TASK INPUT
- - - -

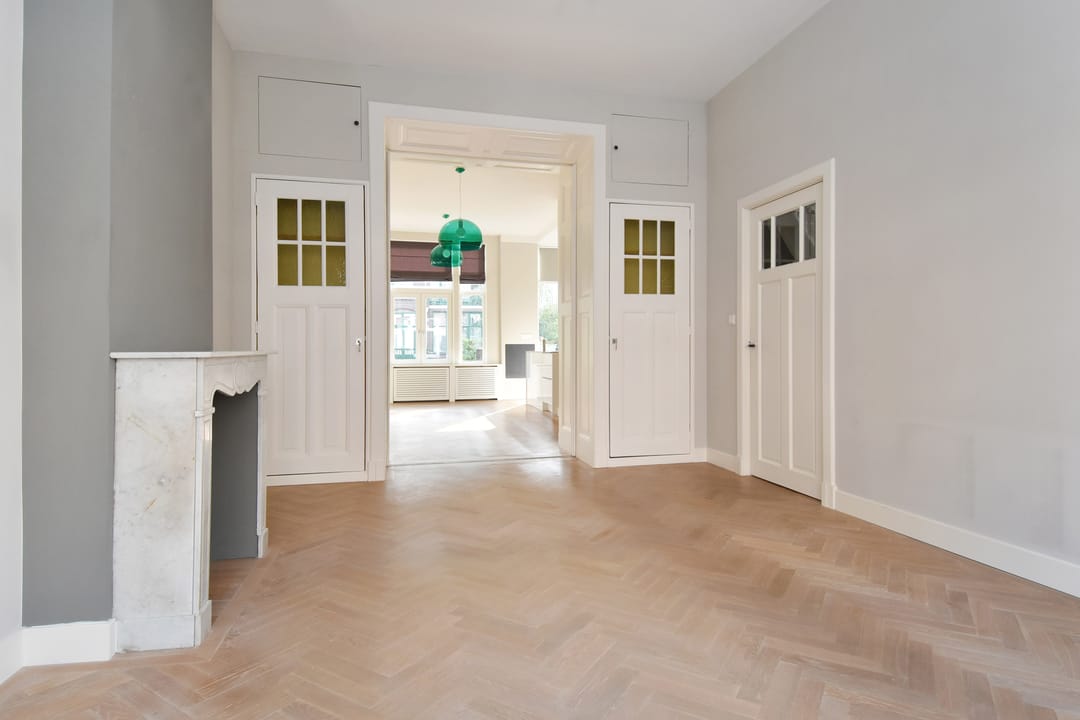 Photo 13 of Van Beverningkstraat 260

- - - -

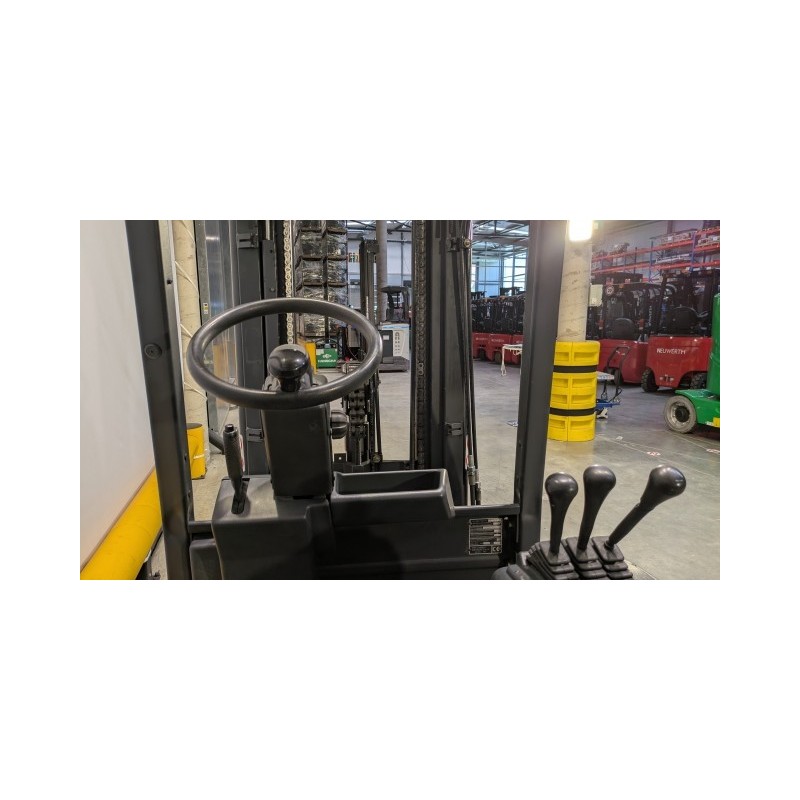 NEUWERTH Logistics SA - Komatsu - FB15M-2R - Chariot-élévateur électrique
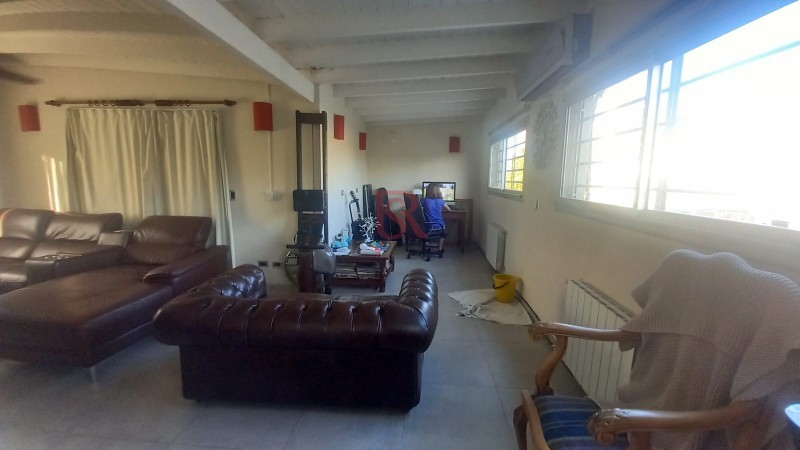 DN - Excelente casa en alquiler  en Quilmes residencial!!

- - - -

WHAT YOU ARE ASKED TO DO
I would like the exact lines from the data above, starting with the one that holds "NEUWERTH Logistics SA" and going on through the one that holds "DN - Excelente", without the pictures.

RESPONSE BELOW
 NEUWERTH Logistics SA - Komatsu - FB15M-2R - Chariot-élévateur électrique
 DN - Excelente casa en alquiler  en Quilmes residencial!!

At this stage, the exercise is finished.